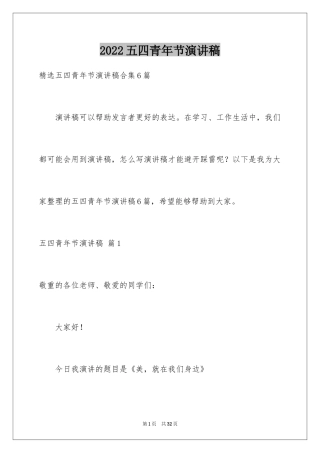 2024五四青年节演讲稿_165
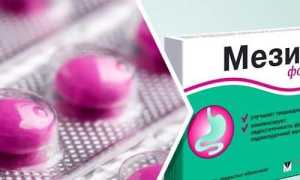 Список основных аналогов Мезима форте: выбираем дженерики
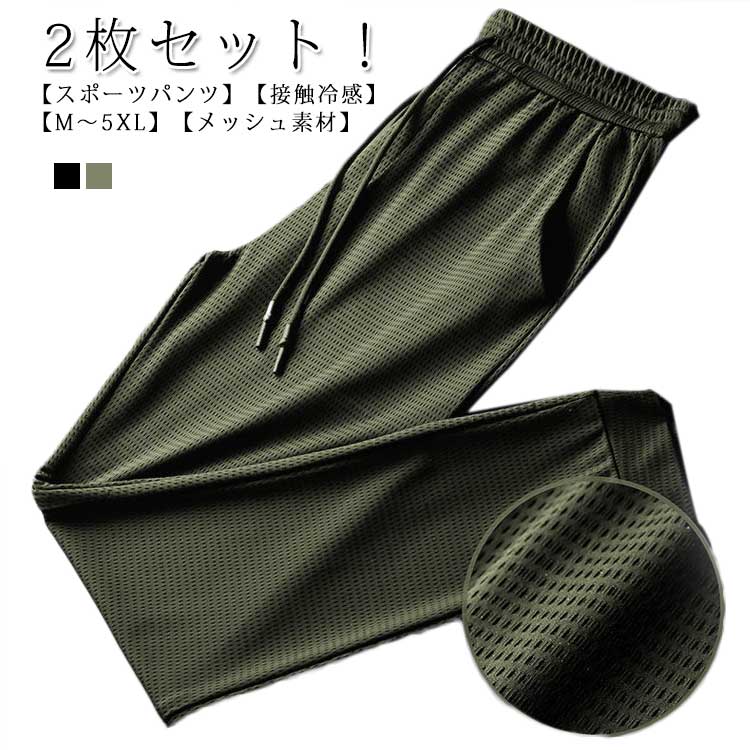 Rakuten - 夏 アイスシルクパンツ ロングパンツ 吸水速乾 2枚セット 伸縮 伸縮 メンズ 涼しい メッシュ ジョガーパンツ スポーツパンツ 冷感パンツ 接触冷感 ワークパンツ イージーパンツ ゴルフパンツ ゴルフウェア ストレッチパンツ 涼感 裾絞り 運動 チノパン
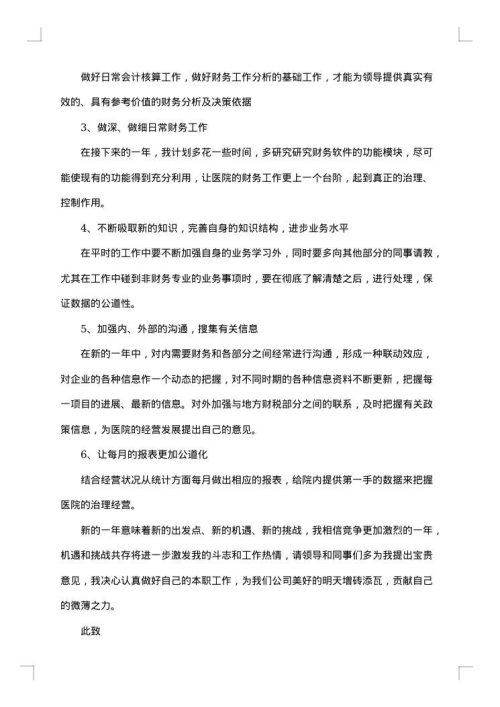 2025年工作述职报告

_ _ _ _

◆ Work required: Quote verbatim the final run of lines in the material above, from the line that contains "Список основных аналогов" through the very last line, excluding any pictures.

◆ Exercise response:
 Список основных аналогов Мезима форте: выбираем дженерики
 Rakuten - 夏 アイスシルクパンツ ロングパンツ 吸水速乾 2枚セット 伸縮 伸縮 メンズ 涼しい メッシュ ジョガーパンツ スポーツパンツ 冷感パンツ 接触冷感 ワークパンツ イージーパンツ ゴルフパンツ ゴルフウェア ストレッチパンツ 涼感 裾絞り 運動 チノパン
 2025年工作述职报告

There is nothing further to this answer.